An Ellenwood teenager was convicted of murder Friday for the shooting death of his 16-year-old former girlfriend.

A Clayton County jury found Kevin Kosturi guilty of murder, aggravated assault, felony murder — causing a person’s death during the commission of a felony — tampering with evidence, giving false statements to police, possession of a gun during the commission of a felony and gun possession by a minor for the death of Angel Hope Freeman.

Kosturi was 15 on Feb. 21, 2011, the day of the shooting. He now faces multiple life terms in state prison.

While his attorneys argued that the shooting was accidental – the result of two lovers playing around with a loaded weapon – prosecutors said the killing was a murder-suicide gone wrong.

“The murder worked, but the suicide failed,” Clayton County assistant district attorney Bill Dixon said Thursday in his closing statement, an surprise element he and co-counsel Michael Thurston built throughout the proceedings to spring at the very end of the trial.

On that day, Kosturi invited Freeman to a fort in the woods near his home. The couple had just ended a seemingly tumultuous relationship, and evidence prosecutors laid out during the trial suggested that Kosturi was obsessing over her.

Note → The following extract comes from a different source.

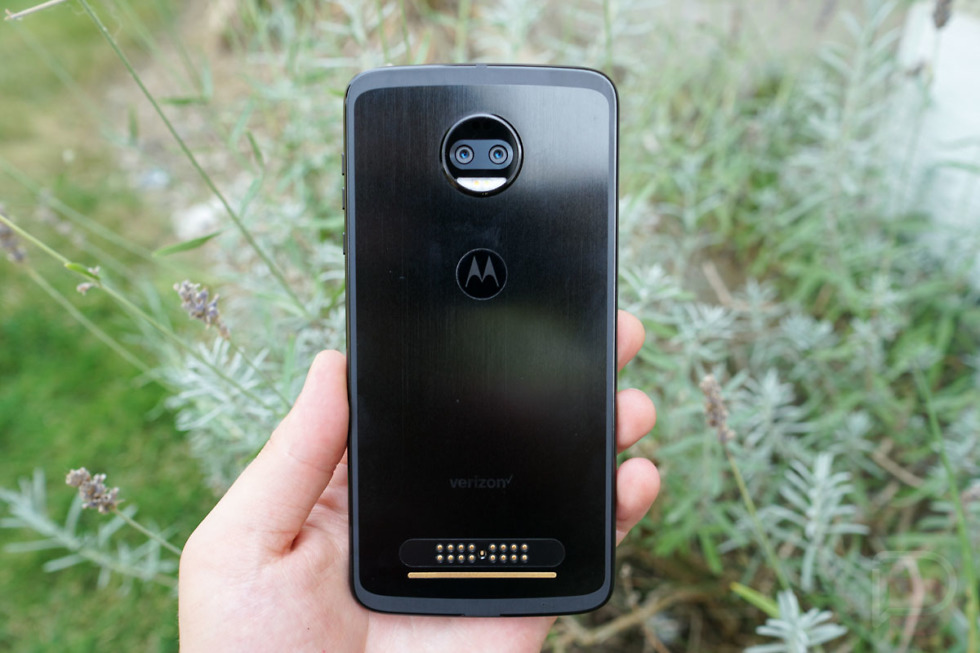 Moto Z2 Force Review: Wait, the Battery is Smaller This Year?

“He said, ‘if I can’t have you, nobody can,’” Morrow High School classmate Charles Williams said of Kosturi from the witness stand on Tuesday. “I just knew they were arguing and were on the verge of breaking up.”

Another friend, Casey Bartlett, told the jury that after witnessing an argument between Freeman and Kosturi, Kosturi was emphatic in his pledge to kill his then-girlfriend.

“I said, ‘Kevin, don’t say that,’” Bartlett told the jury. “He said, ‘no, really. I’m going to kill her.’”

A GBI forensic gun expert testified on Wednesday that the five-shot, .38-caliber revolver that killed Freeman misfired on the final shot … after Kosturi had already fired off three rounds earlier that day.

And after the shooting, he admitted to hiding the gun and lying twice to investigators about what happened.

“You saw the hammer (of the revolver) hit the silver bullet, but it didn’t fire,” Dixon said. “He panicked, and went out and threw the gun into the pond.”

Sentencing will be held at an as yet undetermined date.